Global and regional investors remain vested in Association of South East Asian Nations (Asean) despite wider challenging economic externalities, according to a new Ernst and Young (EY) report – Rediscover Asean: a growth story of 10 countries.
Developed in conjunction with Asean’s 50th anniversary this year, the report looks at the region’s performance, potential opportunities in economic growth and investments, and infrastructure developments.
According to the report, Asean has in the recent decade become a focal point of global investor interest, with total trade having increased steadily by a compound annual growth rate (CAGR) of 6.4 per cent to US$2.3 trillion in 2015.
Commenting on this view, EY Asean and Singapore managing partner Max Loh said Asean’s trade linkages are well-entrenched with over 230 markets globally.
“With the Asean Economic Community policy thrusts encouraging regional economic integration, there is even higher upside for intra-Asean trade growth,” he said in the statement.
“In the longer term, the Regional Comprehensive Economic Partnership (RCEP) involving Asean, Australia, China, India, New Zealand, Japan and South Korea will help to drive further regional trade growth.”
Besides this, the relatively stable economies in Asean are also underpinning investor interest.
Asean’s member countries are expected to post healthy gross domestic product (GDP) growth rates of 3.0 to 8.0 over the next five years, and enjoy a CAGR of 5.1 per cent from 2017 to 2021 collectively.

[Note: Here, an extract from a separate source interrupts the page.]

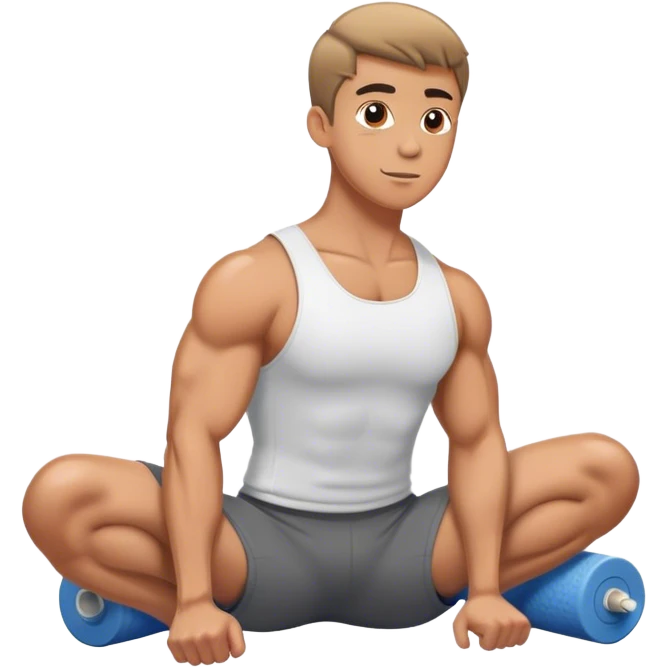 gym guy foam-rolling emoji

The emerging markets – Cambodia, Laos and Myanmar – are expected to grow above 7.0 per cent, while the developing markets of Indonesia, Malaysia, Philippines and Vietnam are projected to generate a steady CAGR of 5.0 to 6.0 per cent.
EY’s Asean Assurance Leader, Datuk Abdul Rauf Rashid noted that this steady and consistent growth would be instrumental in retaining investor confidence in the region.
“At a time of volatility in various parts of the world, Asean may well be the prized ecosystem of certainty, consistent and resilient economic growth.
“The region is well-positioned to be a growth nucleus in Asia, even as China and India continue to power ahead,” he said.
Investors were observed to have already picked up on Asean’s growth potential as foreign direct investment (FDI) inflow into the region have reached a double digit CAGR of 11.5 per cent in the past decade up to 2015.
While extra-regional investments accounted for over 80 per cent of total FDI, it is noteworthy that the growth rate of intra-regional investment was almost double that of extra-regional FDI.
Moreover, over two-thirds or 68 per cent of merger and acquisition (M&A) deals in Asean from 2010 to 2016 were either intra-Asean or inter-Asia-Pacific, reflecting the strong appetite in the region. The most active sectors were consumer, energy and financial services.
“Asean is one of the few regions left that still has robust fundamentals and it has three stages of economic development – advanced, developing and emerging – which excite investors.
“Businesses should hold a long-term view of their prospects in the region and have a selective country or category strategy to win, given that the market typically rewards the largest two to three players,” added Vikram Chakravarty, EY Asean Transaction Advisory Services Leader.
Moving into infrastructure investments, the report found that Asean’s rapid economic transformation continues to fuel appetite for infrastructure development.
Significant infrastructure investments are estimated at US$110 billion per annum until 2025 and its key areas include multimodal transport connectivity to improve logistics efficiency, utilities infrastructure and infocomm and technology projects.